68. Скажи же мне, Г. Аквилий, забыл ли Алфен исполнить хоть одну из своих обязанностей, как доверенный? Какие основания может привести противная сторона, отказываясь признать тот факт, что П. Квинкций заочно имел на суде защитника? — Или, быть может, Гортенсий — он сказал это недавно и о том же без умолку кричит Невий — сошлется на то, что в те времена и в правление тех людей27 борьба с Алфеном была не по силам Невию?… Если бы я и согласился с этим, и тогда они, мне думается, не станут отрицать, что защитником П. Квинкция был не никто, а живой человек, хотя и в ущерб правосудию влиятельный; мне же, чтобы разбить их, достаточно того, что у него был доверенный, с кем можно было иметь дело. А раз он защищает своего доверителя по законам, перед трибуналом магистратов, то дальнейший вопрос о том, что это за лицо в прочих отношениях уже к делу не относится.
69. «Это так, — говоришь ты, — но он принадлежал к той партии». Да разве могло быть иначе? Ведь он вырос у тебя в доме, ведь ты сам, с малых лет, внушал ему не сочувствовать аристократу, даже если бы он выступал гладиатором на арене28. Твои всегдашние, заветные желания сходились с желаниями Алфена; как же, после этого, условия для борьбы не были для вас обоих равные? Ты говоришь: «он был приятелем Брута, потому-то тот и вступился за него». А у тебя приятелем пристрастный судья, Бурриен, и вообще все, кто в те времена могли сделать, путем насилия и преступлений, весьма многое и поэтому не стесняясь, делали, что могли. Или ты, быть может, желал победы тем, которые горячо стараются сегодня о твоей победе? Попробуй-ка сказать это, хотя бы только на́ ухо тем самым лицам, которые защищают тебя. XXII. 70. Я не хочу воскрешать в памяти то, что́, на мой взгляд, следует предать вечному и полному забвению. Скажу одно: если Алфен и имел силу, как приверженец известной политической партии, все же Невий был гораздо сильнее его; если Алфен, надеясь на свое влияние, и требовал чего-либо несправедливого, то еще несправедливее было то, чего требовал и достигал Невий. Между вами, по моему мнению, не было разницы в партийном усердии; ты без труда одержал над ним победу, благодаря своему уму, краснобайству и изворотливости.

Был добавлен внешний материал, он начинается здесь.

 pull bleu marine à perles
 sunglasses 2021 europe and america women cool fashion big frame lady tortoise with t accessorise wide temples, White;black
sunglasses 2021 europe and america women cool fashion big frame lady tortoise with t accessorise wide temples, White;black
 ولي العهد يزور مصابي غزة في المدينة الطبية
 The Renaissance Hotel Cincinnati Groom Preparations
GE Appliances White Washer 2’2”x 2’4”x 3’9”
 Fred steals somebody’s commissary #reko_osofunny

Не говорю об остальном, достаточно будет напомнить, что Алфен погиб с теми и за тех, кого любил; ты же, убедившись, что твоим друзьям не быть победителями, сделал победителей своими друзьями.

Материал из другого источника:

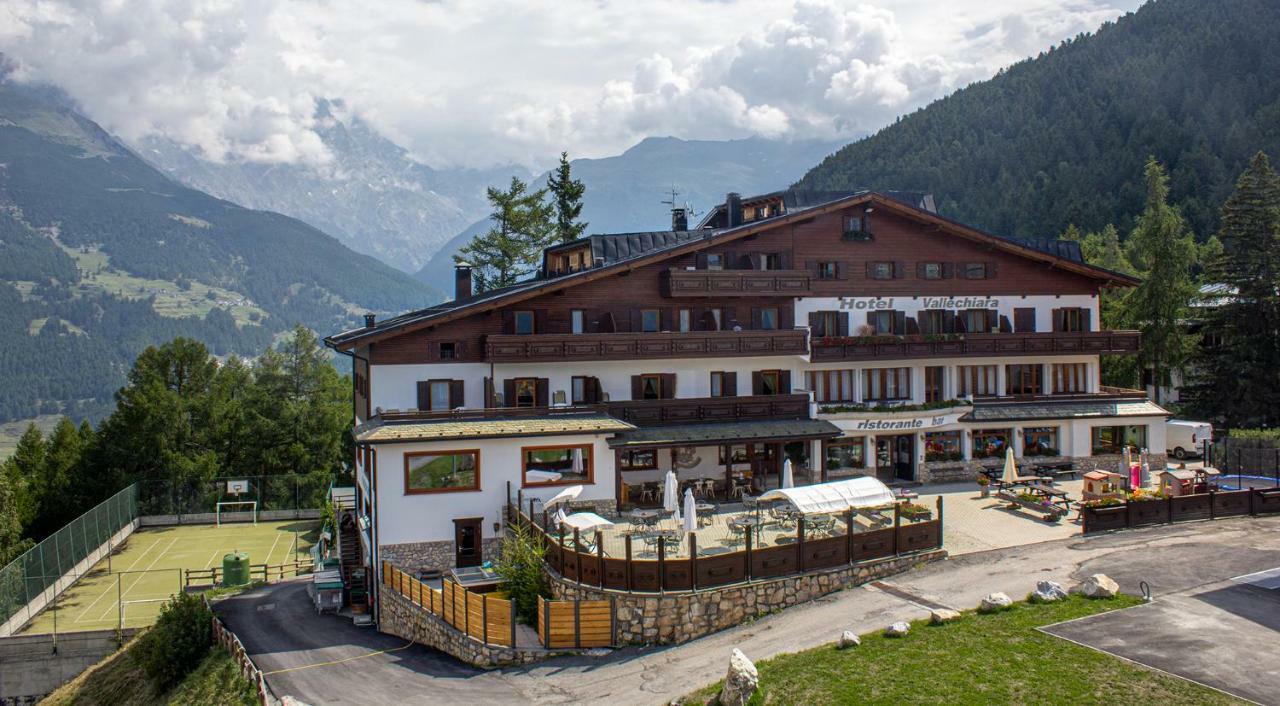 Hotel Vallechiara Bormio Bagian luar foto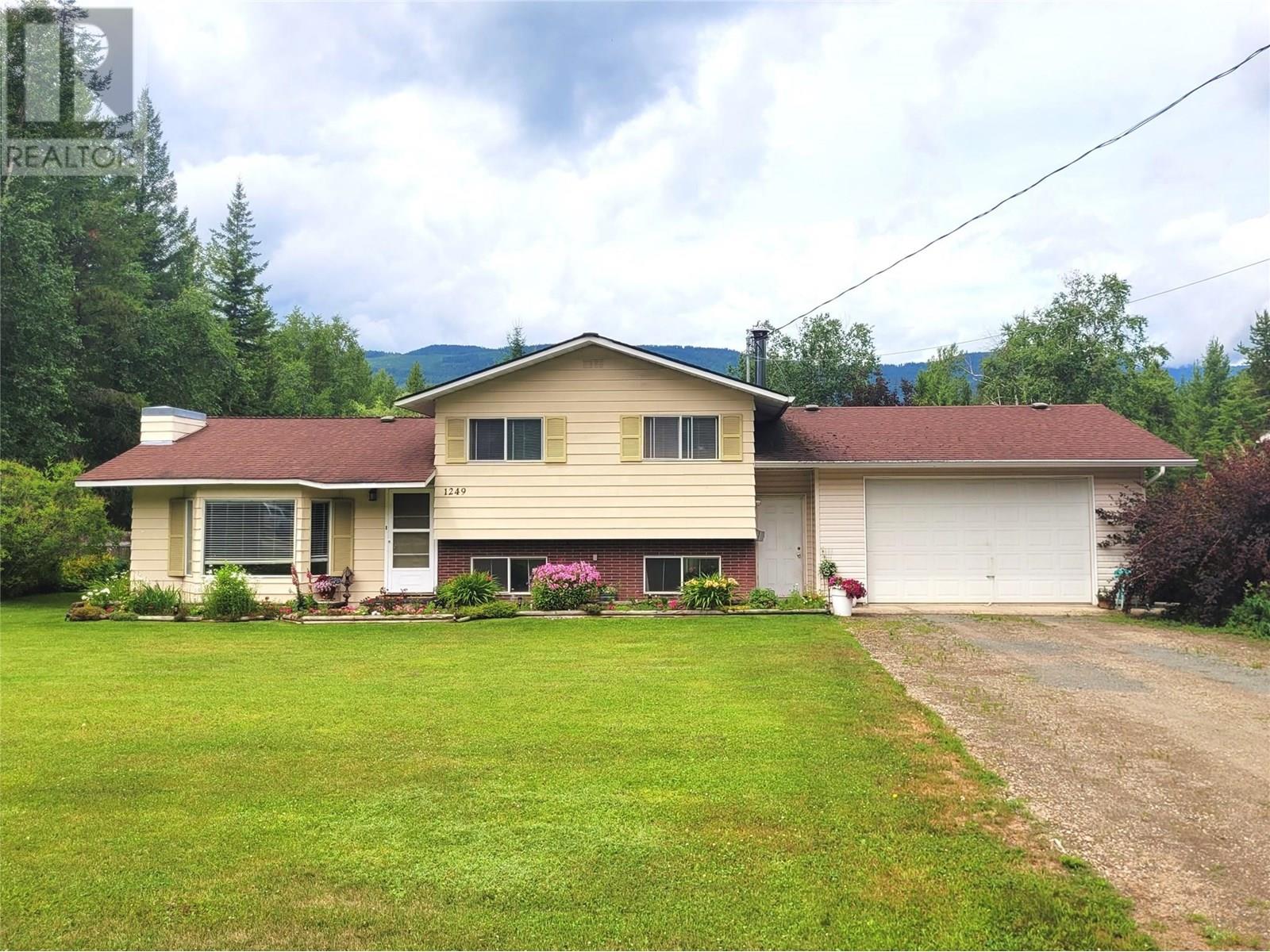 1249 Thompson Drive, Clearwater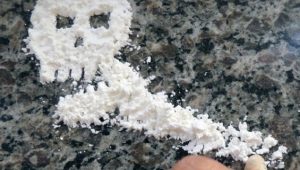 ligne de cocaine tete de mort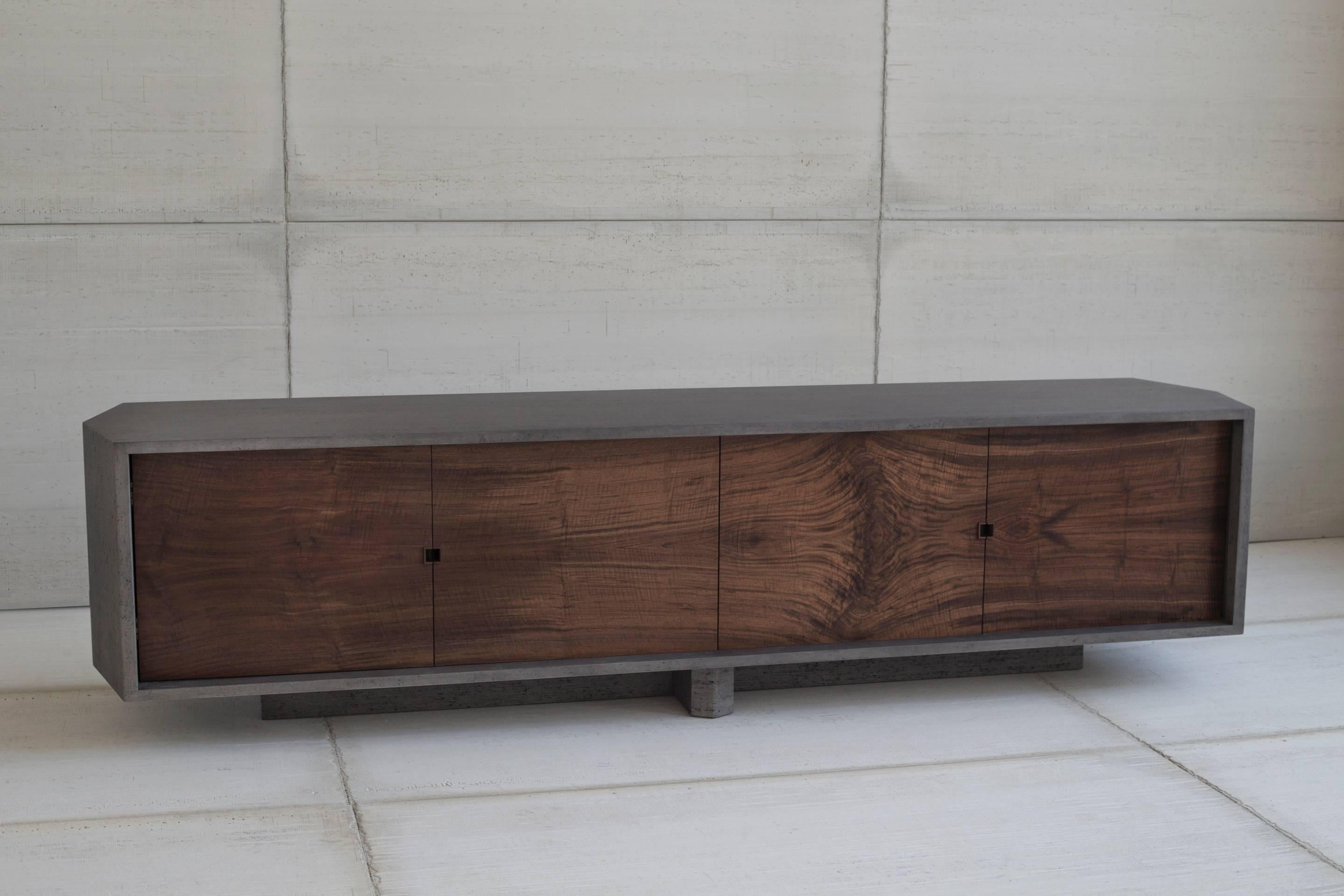 Inspired by Brutalist architecture, the Struttura Credenza 
utilizes our proprietary Maykume wood to liken a béton brut aesthetic. 

Shown: 90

71. Если ты считал тогда не под силу для себя бороться с Алфеном, потому только, что он мог найти себе хоть какую-нибудь поддержку для борьбы с тобою, что нашелся хоть один магистрат, у которого он рассчитывал встретить беспристрастное отношение к делу, — что же должен делать теперь Квинкций, который до сих пор еще не нашел справедливого судьи, не добился правильного суда над собою, не получил справедливых условий, справедливой спонсии, справедливых требований… да что я говорю о справедливости! не получил даже таких, которые бы хоть понаслышке были известны нам до сих пор. Мы хотим вести процесс о деньгах. — «Нельзя». — Но из-за этого и возникло дело. — «Это меня не касается, ты должен судиться в таком деле, от исхода которого будет зависеть твоя гражданская честь». — Так обвиняй же нас, раз это необходимо. — «Нет, — говорит он, — скажите речь первыми, по новому порядку». — Нечего делать, я буду говорить. — «Позволь, сначала я назначу вам на произнесение речи столько времени, сколько хочу. Сам судья будет связан по рукам и ногам». — Что же дальше? — 72. «Ты ищи адвоката, преданного своему делу, как то было прежде, адвоката, который не обратил бы внимания на мое блестящее положение и влияние, каким я пользуюсь; меня защищает Л. Филипп, великий оратор, высоко почитаемая за свою мудрость и свой сан личность; за меня говорит Гортенсий, выдающийся ум, именитый и всеми уважаемый человек; со мной явятся люди знатные и влиятельные, которые соберутся в таком числе, что испугают не только П. Квинкция, защищающего самое дорогое для него, но и человека, находящегося вне всякой опасности». 73. Вот где неравная борьба, не чета той, которую ты вел с Алфеном; ты ведь не оставил Квинкцию даже места, где бы он мог стоять. — Поэтому, ты должен или доказать, что Алфен не называл себя доверенным, что он не срывал объявлений о продаже, что он уклонился от суда, или, — согласившись, что все это было, — признать, что ты никогда не мог владеть29 имением П. Квинкция, в силу преторского эдикта30.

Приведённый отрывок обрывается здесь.